Dieselben Stilmittel, Techniken und besonders die vorherrschende romantisch, erotische Stimmung sind in beiden Filmen Webers zu entdecken: die meisten Bilder in grobkörnigem schwarzweiß, zum Teil extreme Großaufnahmen. Bei den wenigen Szenen von Kämpfen oder dem Training tänzelt auch die Handkamera im Ring herum - dagegen ruhige Einstellungen bei den Gesprächen, die Vertrautheit vermitteln.

Webers Filme bestehen, wie seine Fotografien, aus gestellten, genau auskalkulierten Einstellungen und dem eingefangenen Zufall. Andy Minsker und die zehn-bis fünfzehnjährigen Boxer posieren, stehen wie bei einer Portraitaufnahme frontal vor der Kamera und erzählen von den Kämpfen, oder sie führen exhibitionistisch immer wieder ihre nackten Oberkörper und Muskeln vor. Aber im Rahmen dieser gestellten Szenen herrscht Freiheit: wenn Andy stolz in seinem Schlafzimmer seine Trophäen vorführt, dabei von einem Anruf seiner Mutter unterbrochen wird und mit verschämt, verlegenem Kichern

erst denn Anruf beantwortet, und dann nicht mehr von seinen Siegen, sondern seiner Mutter erzählt, (und all daß bleibt ohne Schnitt im Film), dann enthüllt das treffend seinen naiv, kindlichen Machismo und macht ihn gleichzeitig sympathischer. Weber stellt nicht bloß, bei ihm sieht jeder gut aus, und daß müßen auch alle bei den Aufnahmen gespürt haben, denn sonst hätten die dreizehnjährigen toughen Boxer nicht von ihren Tränen im Ring oder ihren Niederlagen erzählt und Andy's Mutter hätte nicht nach einem Gespräch über dessen Jugend gesagt: „Darüber wurde hier noch nie gesprochen; ihr solltet öfter mit eurer Kamera kommen und die Familie zurechtrücken.“

Weber versucht in seinen Filmen die Grenzen zwischen Fotografien und Film (stil-and moving pictures) zu verwischen. Viele seiner gefilmten Szenen sind so geschnitten und mit wenig Bewegung aufgenommen, daß sie wie

Fotografien wirken; die Bilder aus Andy's Familienalbum oder Schnappschüße von seinen Kämpfen wurden dagegen mit Kameraschwenks, abrupten Schnitten und ungewöhnlichen Perspektiven in Bewegung gebracht. Bruce Weber selbst meint: „Man sagt immer, in einem Foto ist keine Bewegung. Das finde ich nicht! Klar, ein Foto hält einen Moment fest, und ein Film viele Momente. Aber ich habe immer noch diese Idee im Kopf, eines Tages einen Film über ein einziges Foto zu machen.

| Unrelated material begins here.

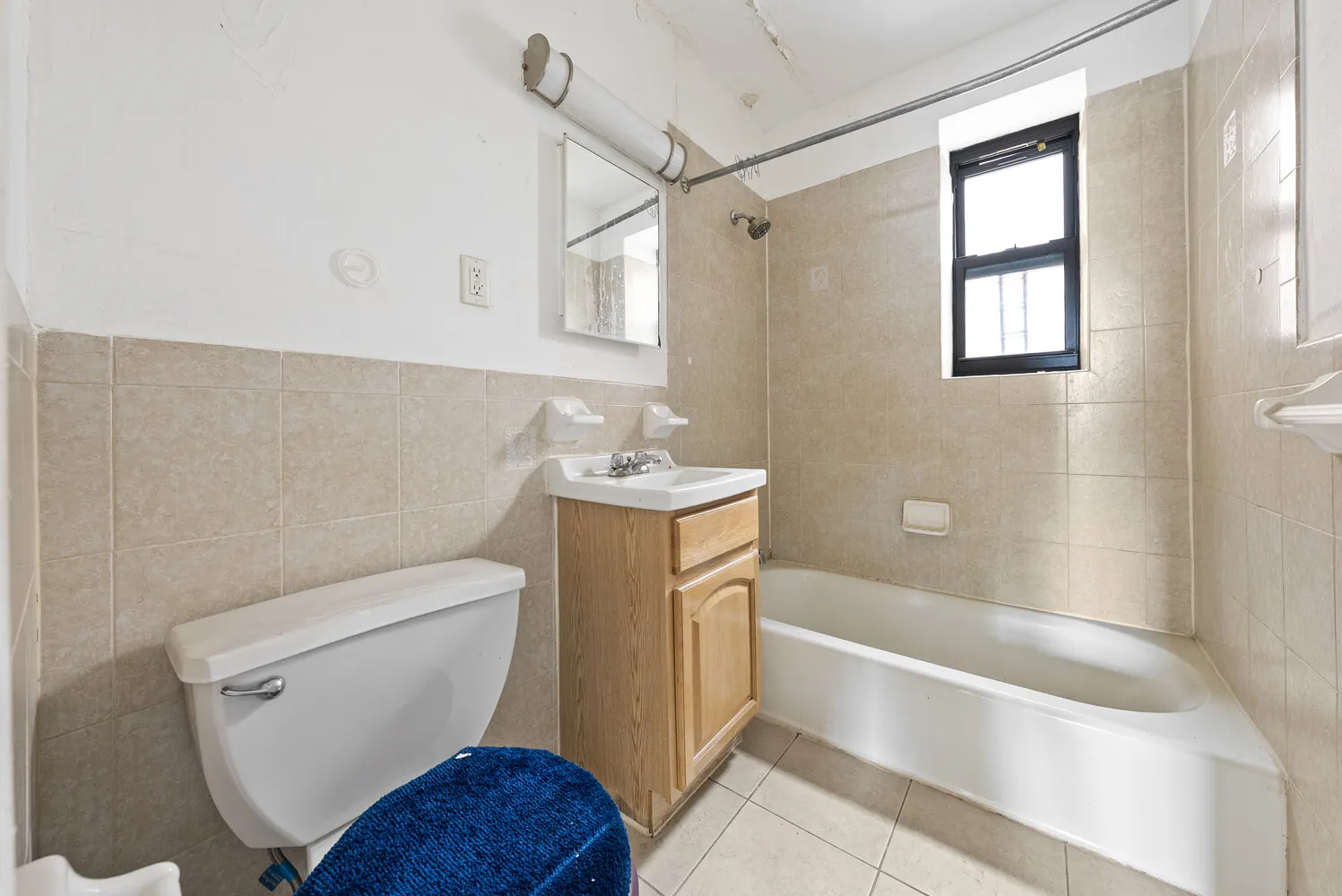 1715 Nelson Avenue 4f, New York City, New York 10453, 2 Bedrooms Bedrooms, 8 Rooms Rooms,1 BathroomBathrooms,Residential,For Sale,NELSON,RLS20071541 1715 Nelson Avenue 4f, New York City, New York 10453, 2 Bedrooms Bedrooms, 8 Rooms Rooms,1 BathroomBathrooms,Residential,For Sale,NELSON,RLS20071541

„Broken Noses“ ist noch nicht solch ein durchgehend aufregender und schöner Film geworden wie „Let's get lost“. Manchmal wird die Grenze zum Kitsch übertreten, einige optische Spielereien wirken aufgesetzt, aber alle Elemente sind schon da, und da man wohl noch etwas warten muß, bis „Let‘ get lost“ in die Kinos kommt, ist dies eine gute Einstimmung.